Before getting to Valerius Messalinus it would be well to dispense with one red herring, which is to say the 'victorious black eagle'.
de la Bedoyere ran with this as a translation of Valeria Victrix in Eagles Over Britannia (2001, 45); it still persists at livius.org (which is why I keep having to make this argument). I'm not sure which came first, but they are both wrong.
It should fall at the first hurdle (even if we were to believe the translation valeria=black eagle) for the simple reason that a noun is no use to us in this context. The legionary cognomina are all adjectives and although attributive use of a noun (or nouns in apposition) - so something like 'the eagle legion' - does work in Latin, there simply is no parallel for such useage among the names of the legions. We would really need something like valeriana.
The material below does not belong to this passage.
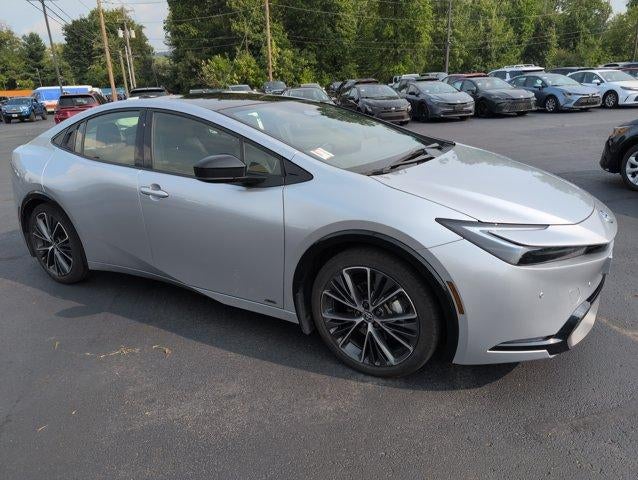 2024 Toyota Prius XLE AWD (Natl)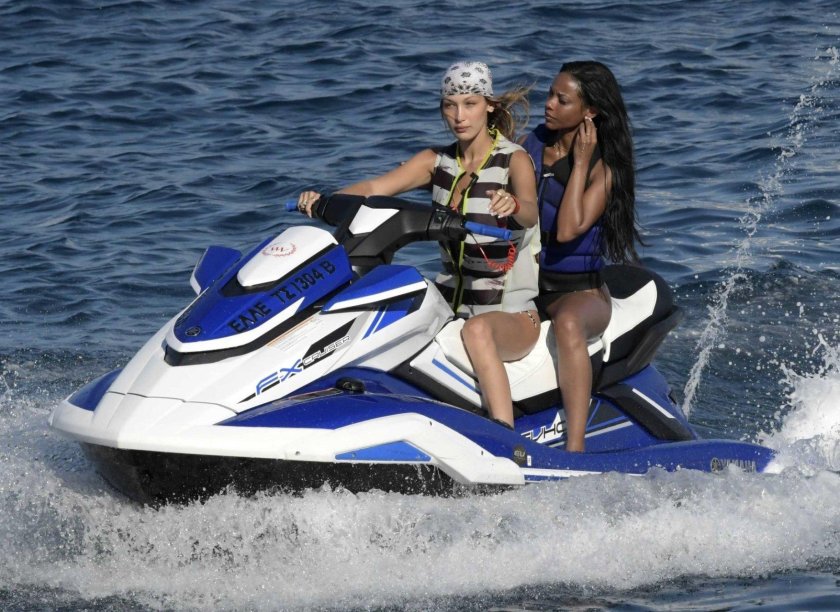 Девушка на гидроцикле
As for the translation itself. It appears in Lewis and Short on the basis of older texts of Pliny's Natural History but the definitive texts rejects the difficult 'eodem in valeria' - lacking in clear sense - for 'eodem leporaria' and it is leporaria which appears in the Oxford Latin Dictionary as the equivalent of the Greek melanaetos.
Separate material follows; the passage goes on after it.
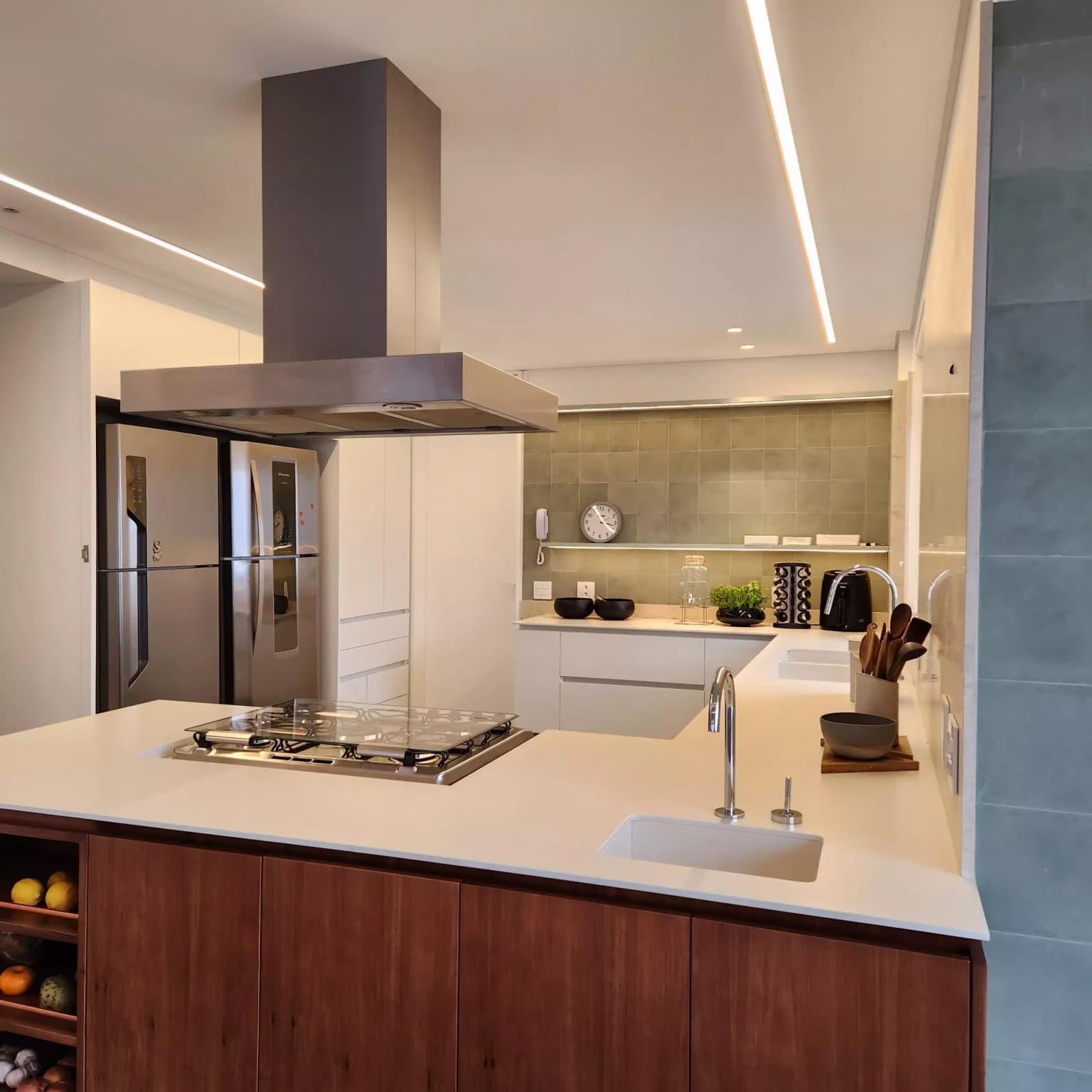 móveis sob medida de uma cozinha moderna, feito por uma marcenaria em curitiba, com design exclusivo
It is one strange side effect of the reliance of internet sources on out of copyright texts.
Despite Perseus playing host to the definitive Teubner text:
Naturalis Historia Pliny the Elder. Karl Friedrich Theodor Mayhoff. Lipsiae. Teubner. 1906.
their English text, Bostock and Riley 1855, was based on earlier editions; likewise Lewis and Short 'A Latin Dictionary, Founded on Andrews' edition of Freund's Latin dictionary'1879 relied greatly on earlier works and did not have the benefit of Mayhoff's revised text (unlike the Oxford Latin Dictionary).